**ABOUT THIS EXERCISE**
For this exercise, copy exactly the lines below from the one with "This is extremely powerful because" through the one with "Here we are" and leave out the pictures.
RECORDS SHOWN Start Marker
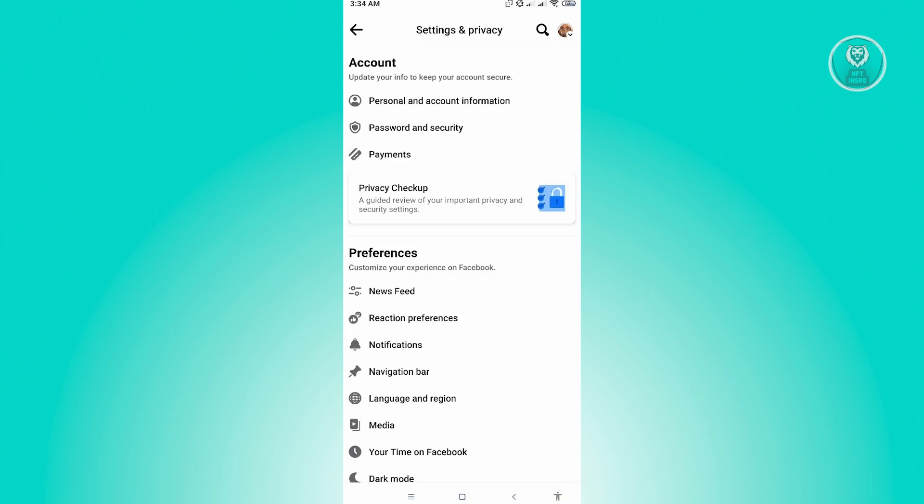In here, we'll see different information about our account. We have personal account information, password and security, and a lot more here. So the first thing we want to do is go to password and security.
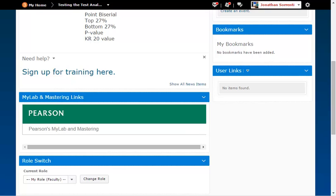Students can go to the Pearson widget on the front page to connect to assignments, the e-text, and the MyLab homepage for that course.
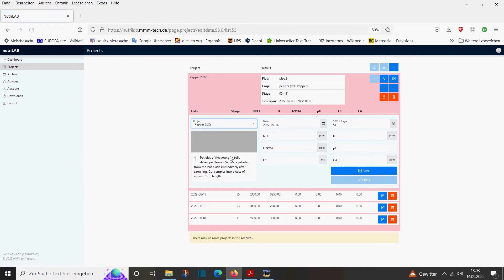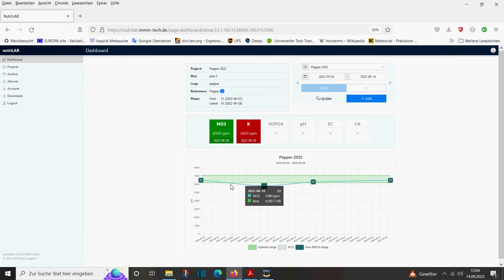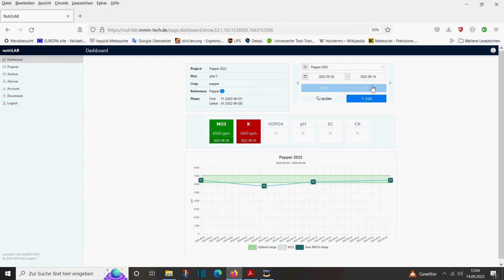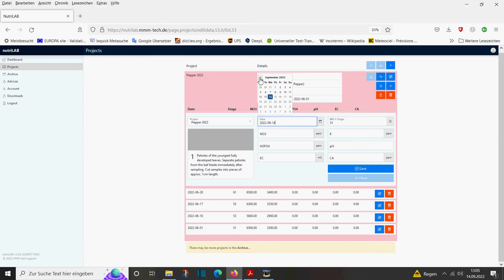After another 10 days we control the effect of our increased fertigation again — this is done on June 28th at BBCH stage 61. We measure a nitrate content of 6,500 ppm and a potassium content of 3,400 ppm. We save and control. We are now in the middle of the optimum range for nitrate, but for potassium we overdid it a little since we are now over the optimum range. This means we have to reduce our potassium applications a little bit.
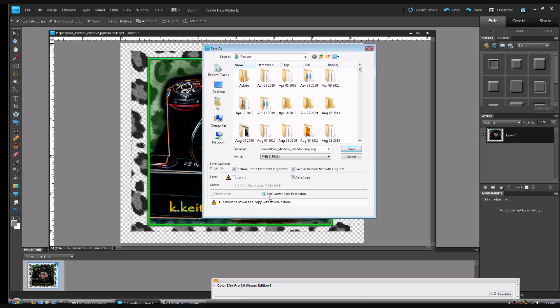PNG — pronounced 'ping' — stands for Portable Network Graphics. If you'd like to read more about that, you can Google 'PNG file format' and get a full history on it if you're technically inclined and would like to see some additional data on how it's used.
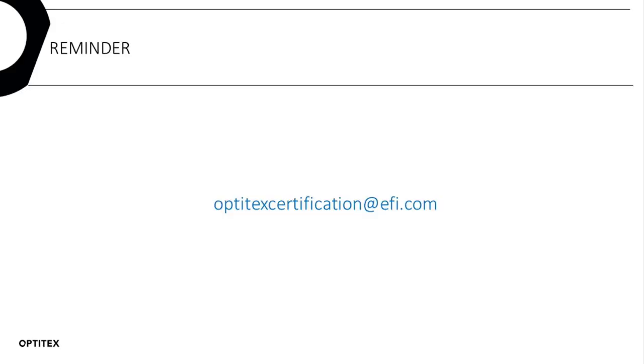Thank you for watching this video and using our eLearning platform. More content will be added periodically. Check out our eLearning updates course to see what's new. If you have any further questions, please send us a message from your account or email us at OptitexCertification at EFI.com.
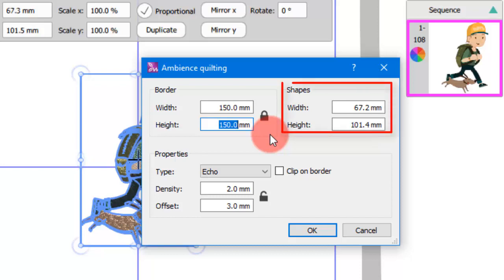In the shapes area you can see the size of the selected design part. This is just a reference to help you define the block size. In other words, you cannot resize the object from this dialog.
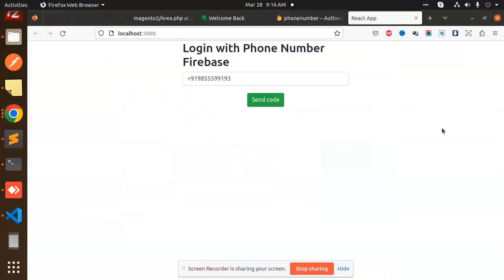Hello friends, welcome back to a new tutorial on React.js. Today we are going to learn about login with phone number using Firebase. In Firebase, we have to send the OTP, then verify the OTP, then validate whether it is a verified OTP or not.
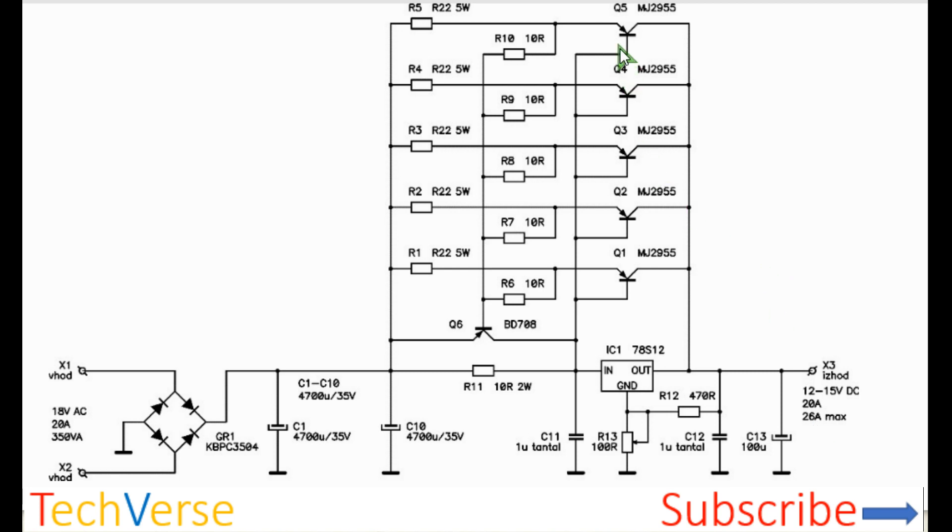So one thing to mention is that the power transistors should be mounted on appropriate sized heat sinks to dissipate any excess heat since they operate in the linear region.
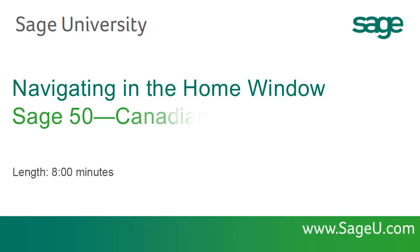Welcome to the Sage50 Home Window. Over the next few minutes, we'll look at the layout of the Home Window and familiarize you with the features that are available across all modules.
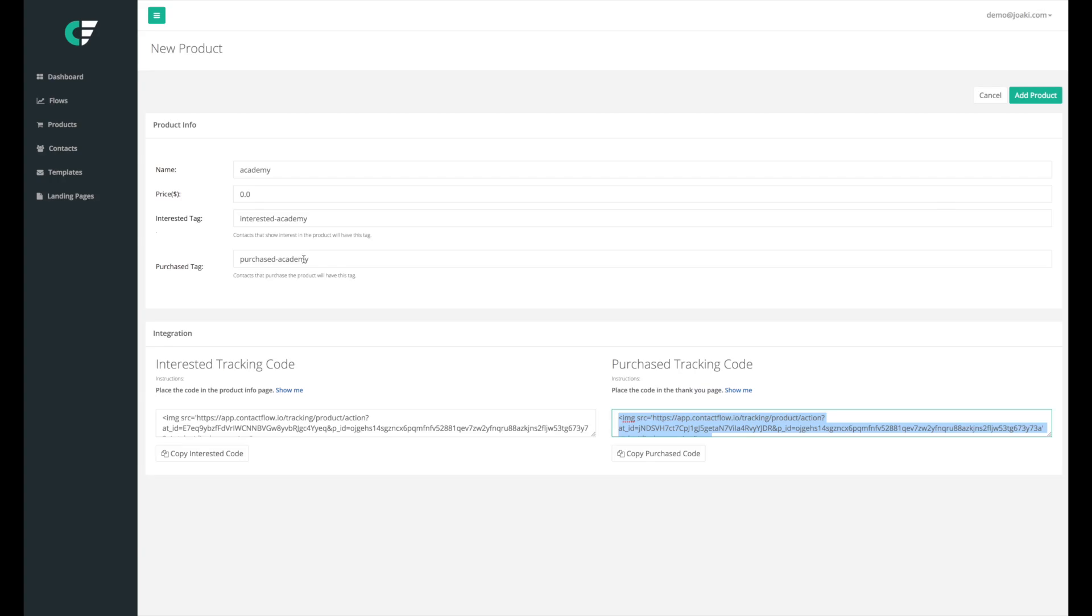This is extremely powerful because we're able to set flows based on what products people are interested in but have not purchased, and we could either offer them another product or offer them a sale and basically engage with them knowing that information. This is extremely powerful and it's something that I'm going to show you guys how to do in the next video.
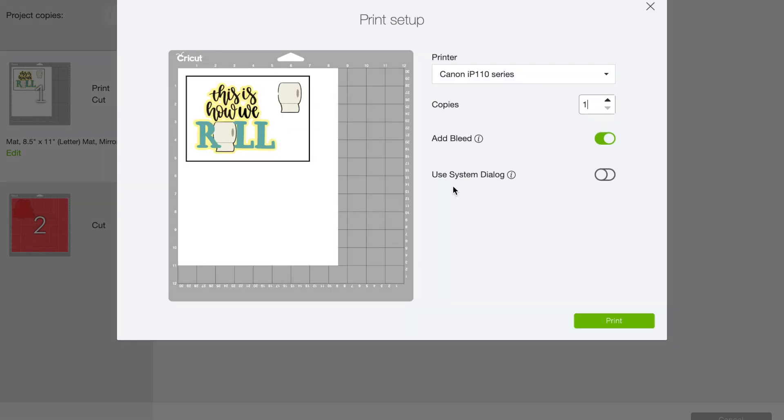You're going to want to turn this system dialogue box on. That way you can choose the type of paper, because most of the printers are standardly selected for plain paper or cardstock. But if you want to use matte photo paper, I just find it makes a much, much cleaner print on it.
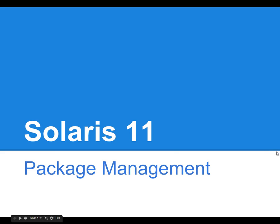Hello, welcome to the second video on Solaris 11 package management. I'm your host Gabriel Smith and this is going to be a quick and short video. We're just going to go through some of the basic package management tools for Solaris 11.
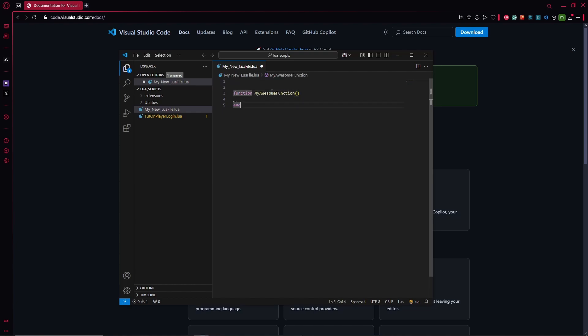And that's it. You now know how to create or set up Visual Studio Code, set up your so-called workspace inside your Lua script folder, and you now know how to create new Lua files easily.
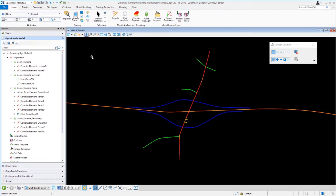If you look down at the lower portion of the screen you'll see that we have some view toggles, and you'll see that View 1 is active. View 1 corresponds to the View 1 2D default model where we have our information displayed. Now let's go ahead and turn on some of our other civil data.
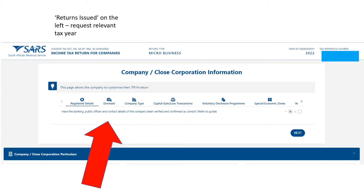Once you open the ITR14, it will show you a whole bunch of sections at the top — about six to eight tabs including registered details, dormant company type, capital gains, and loss transactions. You've got to go through all of those at the top. We'll go through the more popular ones. If you're doing a nil return, there won't be capital gains and the like, but there are some sections you still need to fill out.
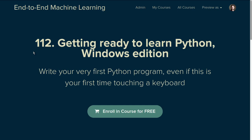Here we are at part four of end-to-end machine learning course 112, getting ready to learn Python, Windows edition.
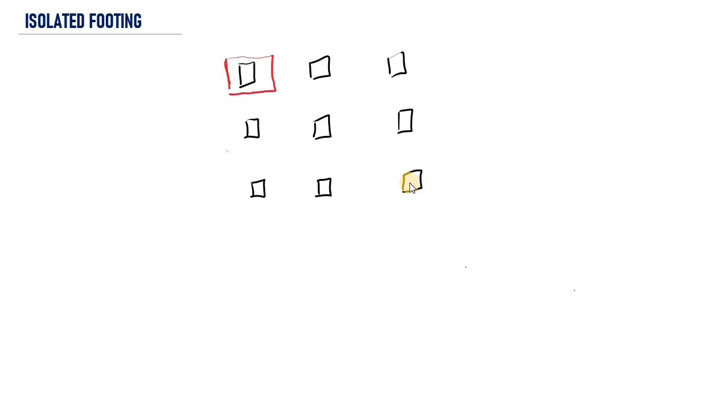If you have seen a column grid where columns are arranged in a plan, we have one column at this location, one column at this location, one column here, and so on. For each individual column we provide a separate foundation. So for this column, this column, and this column, we provide a separate foundation.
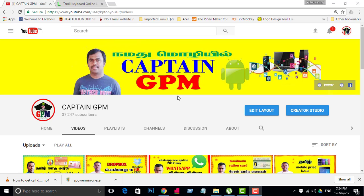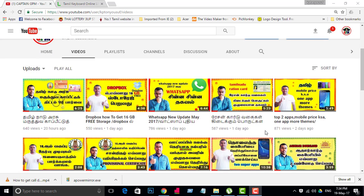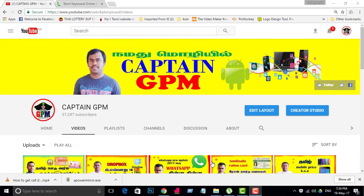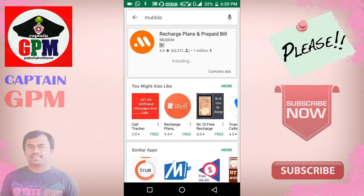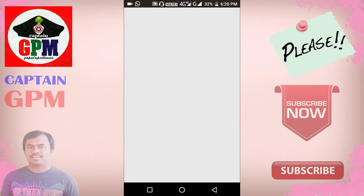If you like this video, please like and share this video. Don't forget to download your mobile application. Please download and open your mobile number.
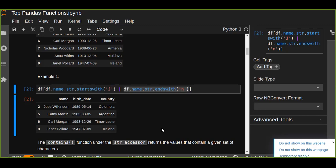The second question is about contains. The contains function under the str accessor returns the values that contain a given set of characters. The name at least containing one character that's specified into that function is going to be retrieved or filtered.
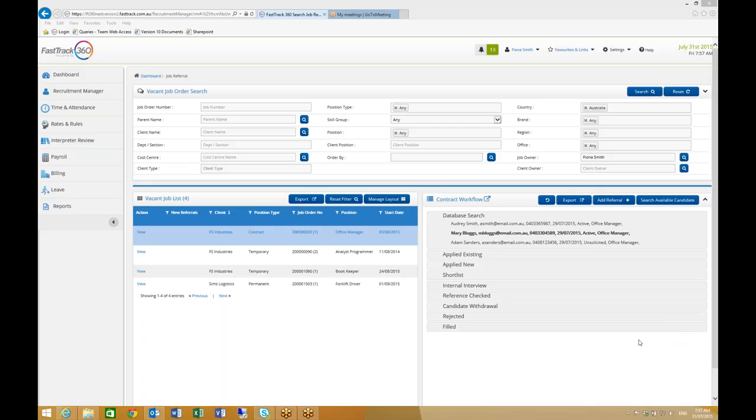The jobs referral workflow is a great tool to help manage the recruitment process. Workflow templates are created to cater to different job types and client specific requirements. I can access the referral workflow from the job record or if I need to work on a few roles, I can use the global workflow screen which is where I am currently.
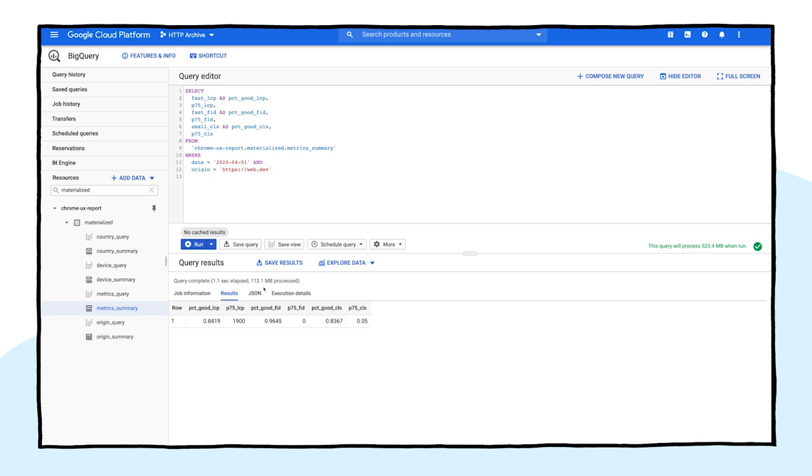The raw data still exists if you need access to specific histogram bins, but almost everything you need is here in the materialized dataset. If you've ever queried the raw data, you'll know that there are several useful dimensions that you can drill down on, like month, device type, and country. So let's look at a few examples of doing that efficiently with the summary tables.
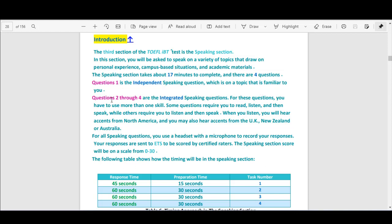Questions 2 through 4 are the integrated speaking questions. When I say integrated, I mean you will read a reading passage and listen to a listening material. For these questions you have to use more than one skill. Some questions require you to read, listen, and then speak, while others require you to listen and then speak. Question 4 is listen and then speak — you will not see a reading passage.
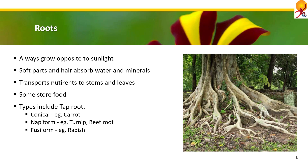Then there's napeform. This type of root is extremely thickened and becomes inflated and spherical at the base, but becomes extremely thin at the top of the plant. Example: turnip or beetroot. Fusiforms: this type of root is inflated in the middle portion and towards the bottom and top it becomes thin, such as radish.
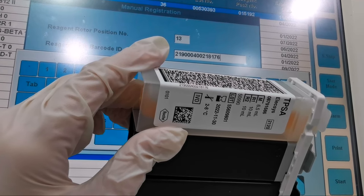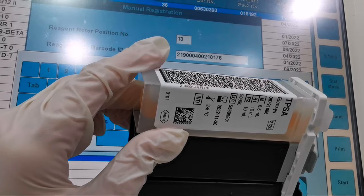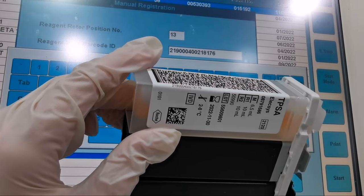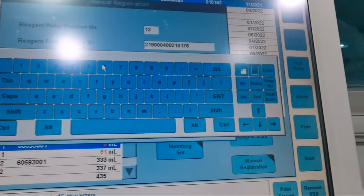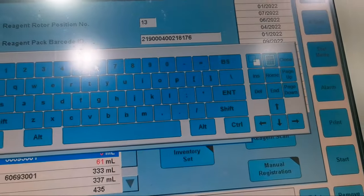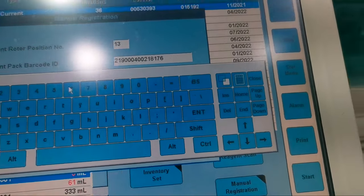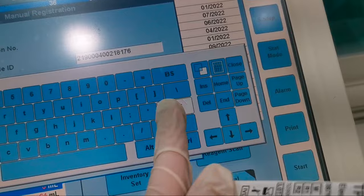Make sure that the barcode number is correct. Double check it with the reagent. Press Enter then tap the yellow button, OK.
RECORDS SHOWN End Marker
**OUTPUT OF THE TASK**
This is extremely powerful because we're able to set flows based on what products people are interested in but have not purchased, and we could either offer them another product or offer them a sale and basically engage with them knowing that information. This is extremely powerful and it's something that I'm going to show you guys how to do in the next video.
You're going to want to turn this system dialogue box on. That way you can choose the type of paper, because most of the printers are standardly selected for plain paper or cardstock. But if you want to use matte photo paper, I just find it makes a much, much cleaner print on it.
Hello, welcome to the second video on Solaris 11 package management. I'm your host Gabriel Smith and this is going to be a quick and short video. We're just going to go through some of the basic package management tools for Solaris 11.
And that's it. You now know how to create or set up Visual Studio Code, set up your so-called workspace inside your Lua script folder, and you now know how to create new Lua files easily.
If you look down at the lower portion of the screen you'll see that we have some view toggles, and you'll see that View 1 is active. View 1 corresponds to the View 1 2D default model where we have our information displayed. Now let's go ahead and turn on some of our other civil data.
Once you open the ITR14, it will show you a whole bunch of sections at the top — about six to eight tabs including registered details, dormant company type, capital gains, and loss transactions. You've got to go through all of those at the top. We'll go through the more popular ones. If you're doing a nil return, there won't be capital gains and the like, but there are some sections you still need to fill out.
Here we are at part four of end-to-end machine learning course 112, getting ready to learn Python, Windows edition.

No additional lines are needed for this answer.